Diesmal möchten wir  in Fortsetzung unseres Beitrages einige Zweige des iranischen Kunsthandwerkes, bei denen Leder weiterverarbeitet wird, vorstellen.  

 

 

In der Vergangenheit fand Leder angesichts seiner Beständigkeit bei allen Völkern weitgehend Verwendung. Man benutzte Leder bei der Anfertigung von Kampfkleidung,  als Schuhwerk, für Sättel und für  Zaumzeug der Pferde, für Kampfschilder, und für Gürtel oder auch für Wasserbehälter, Schriftrollen, kostbare Buchumschläge, Bezüge für Stühle oder Truhen  usw.

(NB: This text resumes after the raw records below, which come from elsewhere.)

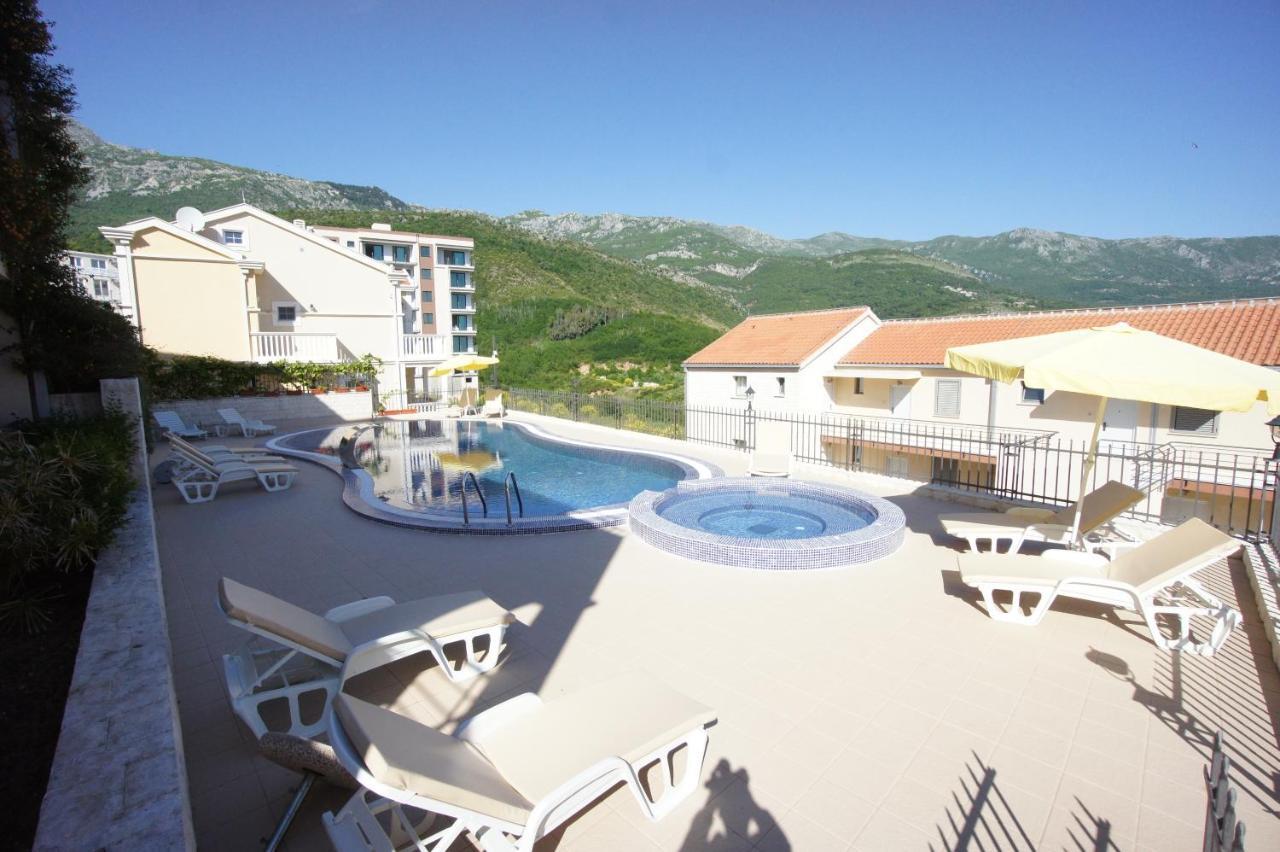 Apartments Becici Sunset Budva Exteriér fotografie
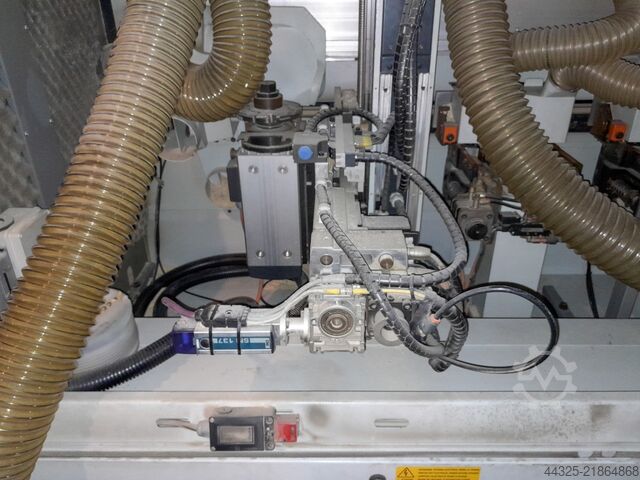 Double Sided Squaring/Edgebanding Machines BIESSE OMNIA SB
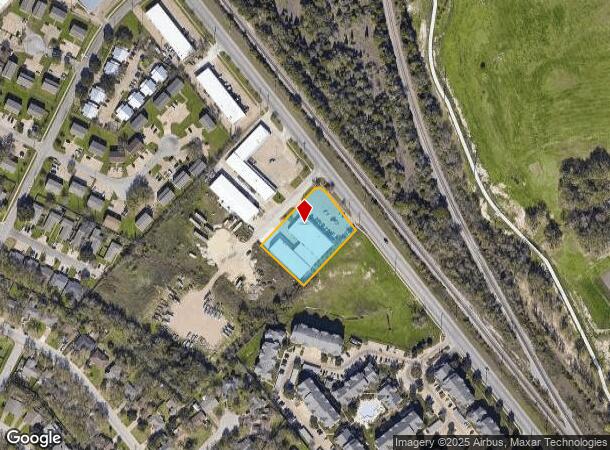 2900 Finfeather Rd, Bryan, TX Parcel Map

Die Künstler haben Leder bei  Gemälden, in der Buchbinderei, in der Kalligrafie und im Kunsthandwerk verwendet.  Die traditionelle Buchbinderei und Herstellung von Bucheinbänden gehört zu den schönsten Künsten Irans und ist tausend Jahre alt. Es gibt verschiedene Methoden, die jede eine besondere Fertigkeit erfordert.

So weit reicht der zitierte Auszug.